British Columbia

'Now it's just gone': Wildfire evacuees with destroyed property grapple with future

The vistas around the village of Ashcroft are dominated by dry, sweeping hillsides, with desert wildlife, farmland and grazing areas for livestock often sitting side by side.

Cattle farms, trailer parks and Indigenous communities among those destroyed in the Ashcroft-area fire

Rob Donaldson surveys the remnants of one of the barns at Bradner Farms' ranch near Cache Creek, B.C. on July 10, 2017. (Anita Bathe/Justin Mcelroy/CBC)

The vistas around the village of Ashcroft, in the B.C. Interior, are dominated by dry, sweeping hillsides with desert wildlife often being right next to farmland and grazing areas for livestock. 

Now those vistas are dominated by charcoal and ash. 

"It's devastating…this is what you do and it's gone," said Rob Donaldson. 

The 25-year-old is co-owner of Bradner Farms, which operates a ranch north of Ashcroft with over 2,000 cattle. 

But when a fire suddenly ran up and down the hillsides on Friday, Donaldson was forced to quickly find a way to let them all go — including those inside a recently built barn that held 300 cattle. 

"There was about 30 of us pulling them by their legs, heads and tails," said Donaldson, describing the race against time to free all the animals before the barn collapsed.

"At the very end there was a cow stuck and everyone was running. I went and grabbed one of my bobcats and blew threw a wall and scooped the cow up and drove through a set of flames and got out."

Remarkably, of the 2,000 cattle, only four died on scene, though a small number are missing. 

"We are real cow people, so for us to lose one or two … it's like losing a family member," said Donaldson.

Ranching is a cornerstone of life in the Nicola region, and Donaldson will regroup — though he knows it could take two years to completely recover. 

"We are going to rebuild, it's going to be a huge process but we're going to do it," he said. 

A staff member of the farm inspects the remaining structure. (Justin Mcelroy/CBC)

'The whole trailer park is gone'

In most of B.C.'s Interior, it's still unknown how many properties under evacuation order have been destroyed. 

But that's not the case near Ashcroft. On Friday afternoon, fuelled by winds and dry grass, a wildfire tore up and down the hills, expanding from 40 hectares to 4,000 in a manner of hours. 

After laying waste to much of Donaldson's ranch, the blaze crossed the highway and moved down a small valley to the Boston Flats trailer home community. 

Around three dozen properties once stood there, home to people 55 and up.

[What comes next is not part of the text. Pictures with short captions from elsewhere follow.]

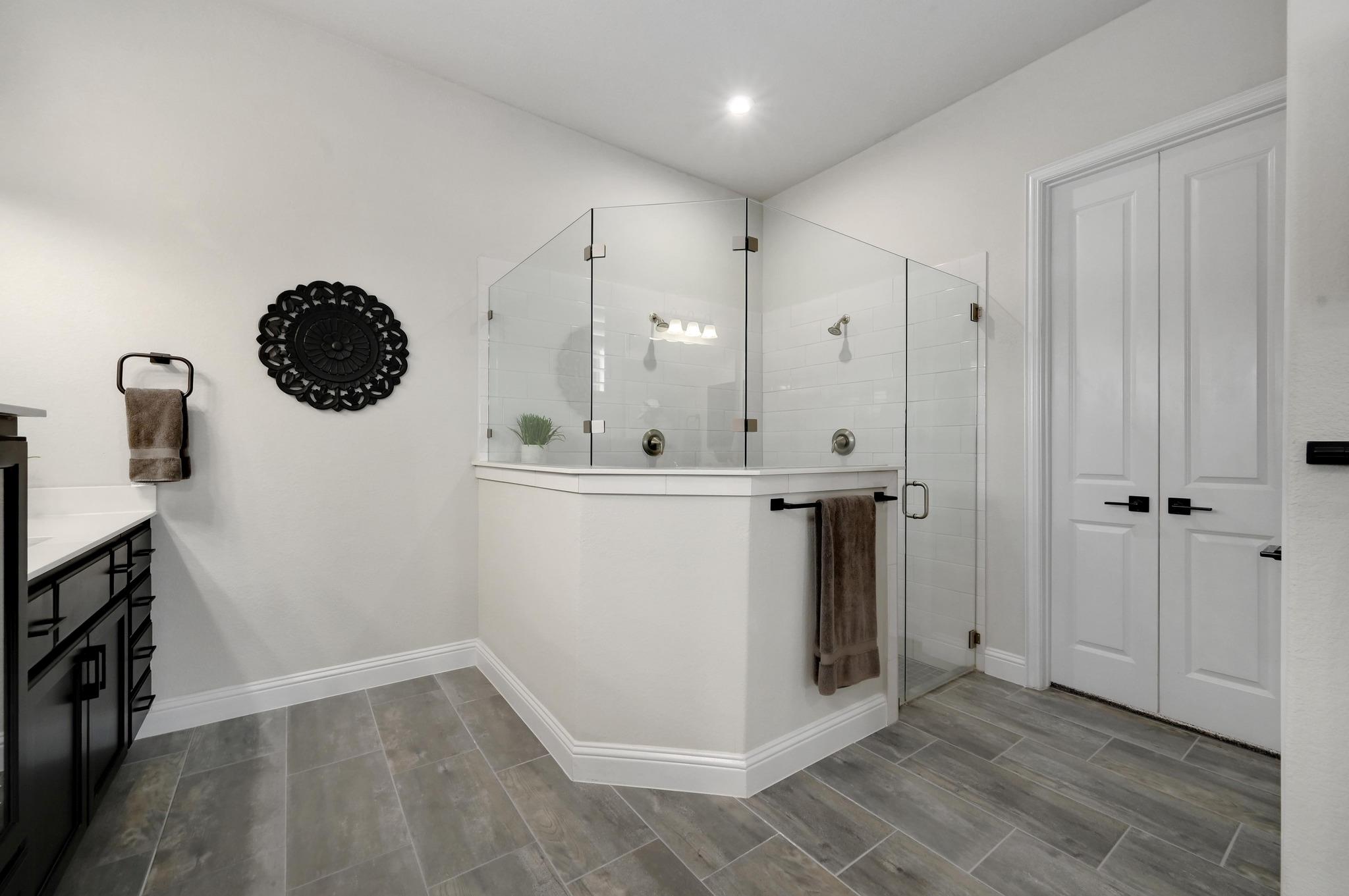 621 Altea Dr, Leander, TX 78641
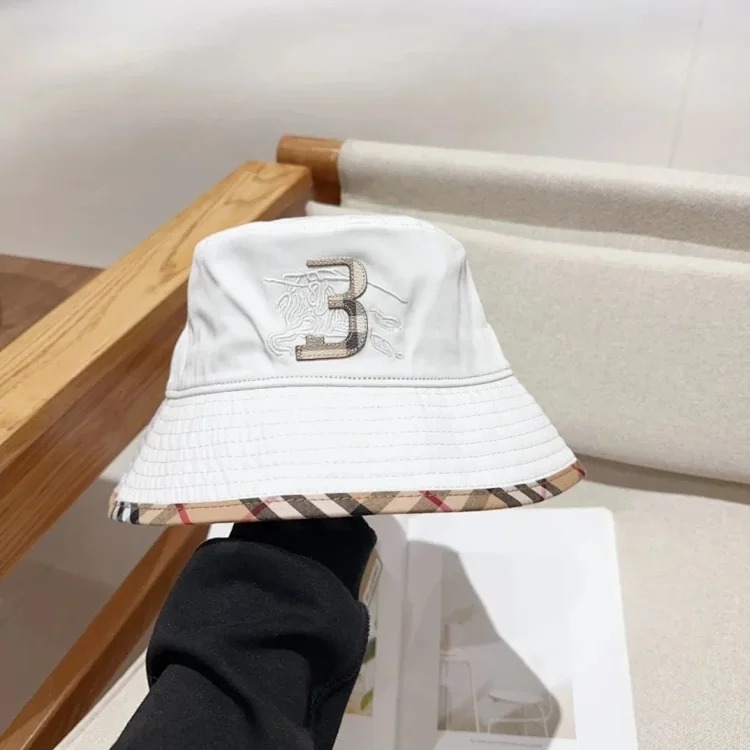 ¥120 Fashion casual hat M26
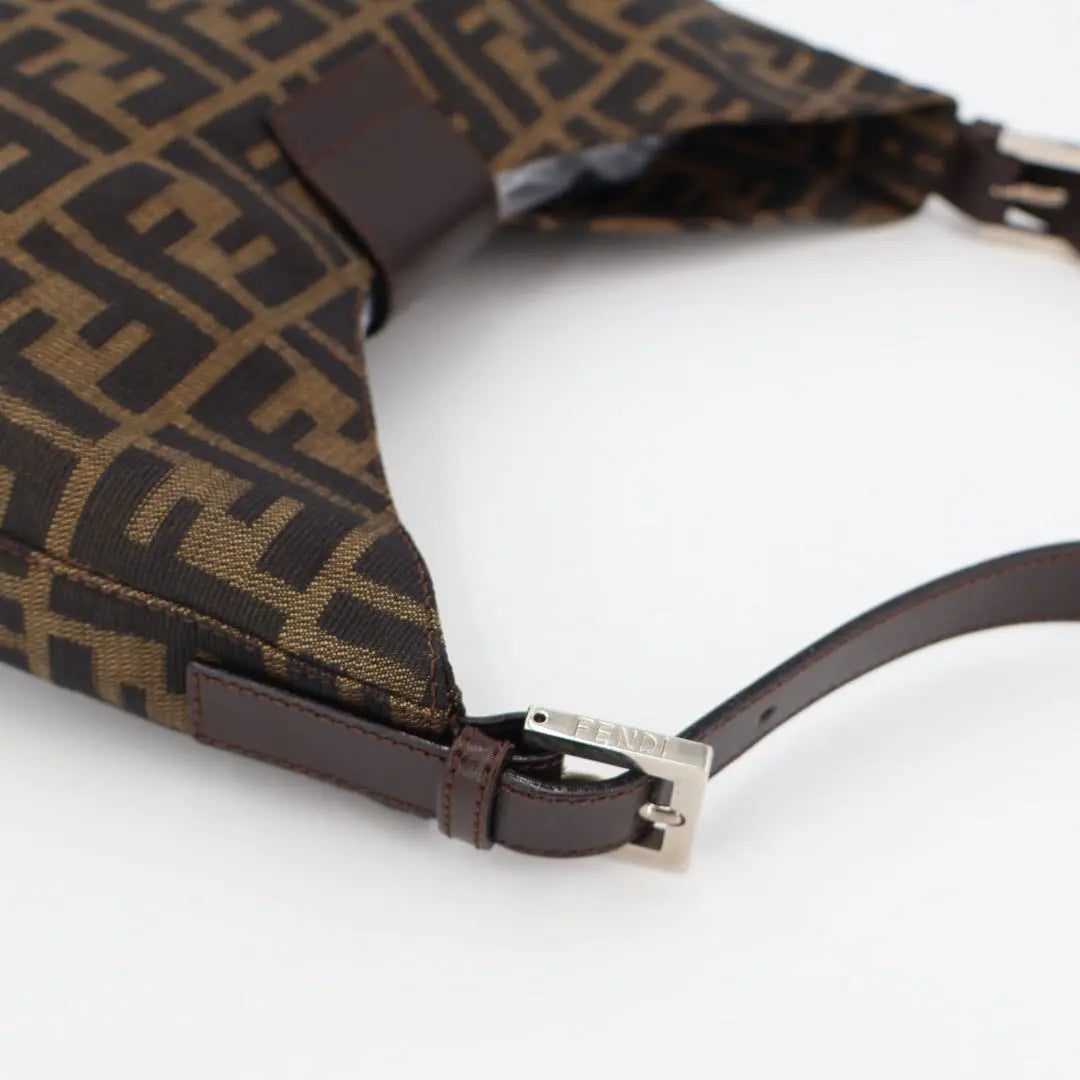 フェンディ FENDI ズッカ柄 セミショルダーバッグ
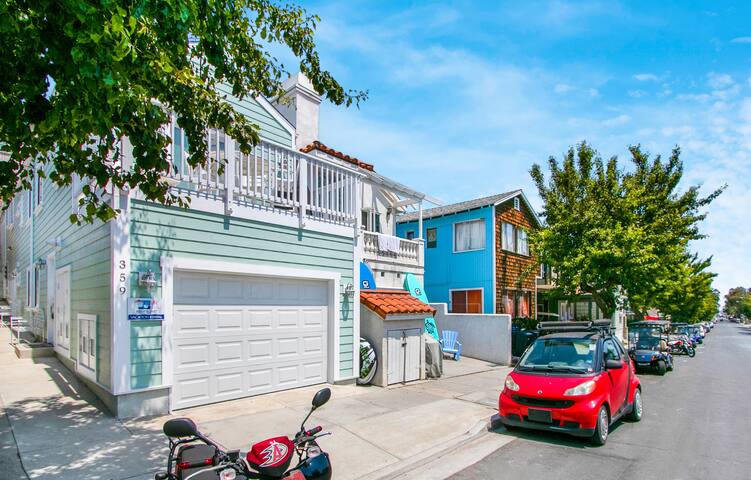 359SA: Penthouse in 2nd Floor | A/C | Balcony | gallery image 2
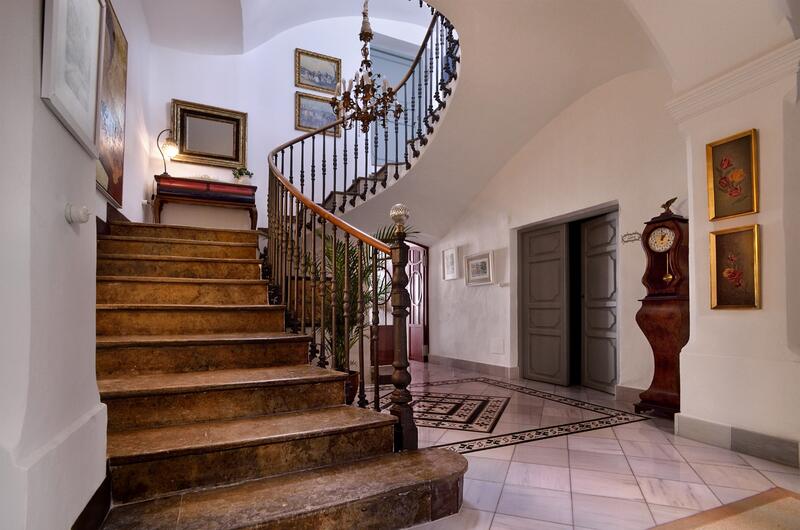 8 chambre Local Commercial à vendre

Now there are less than a handful.  

"We never thought that it would get to our trailer park," said Susan Smith.   

"This is our third summer there from Prince George. We wanted to retire there, because it's so beautiful."

She's tried to get in touch with as many people from Boston Flats as possible, hopeful that the community that's built up will survive the destruction.

"[There's] the fear of not really knowing what's in the future for us ... there's so many of us, everybody's from out of town, and the whole trailer park is gone." 

Majority of reserve destroyed

Before the flames destroyed Boston Flats, they destroyed most of the Ashcroft Indian reserve to the south, which was home to about 70 people before the wildfire.

"They said you can go home now. Go home to what?" said Ester Spye, recounting what officials told her after the evacuation order had been lifted on the reserve. 

"My house was gone. My neighbour, Joey, his house was gone. My niece on the other side, it's all ashes."

Kelsey Thorne holds her daughter Nevaeh Porter, 8, as they both cry while viewing the remains of their home on the Ashcroft First Nation, near Ashcroft, British Columbia, late Sunday, July 9, 2017. (Darryl Dyck/The Canadian Press via AP)

Today, the stories near Ashcroft are unique, as there have been few other confirmed property losses in the wildfires. 

But there are over 14,000 people evacuated through British Columbia. When the smoke eventually lifts in B.C.'s Interior, property losses may become too common to individually document. 

"People that have offered to help me. I'm always such a giver and never a taker," said Angie Thorne, whose home on the reserve was also destroyed.

"It's just really hard to think this could happen to you."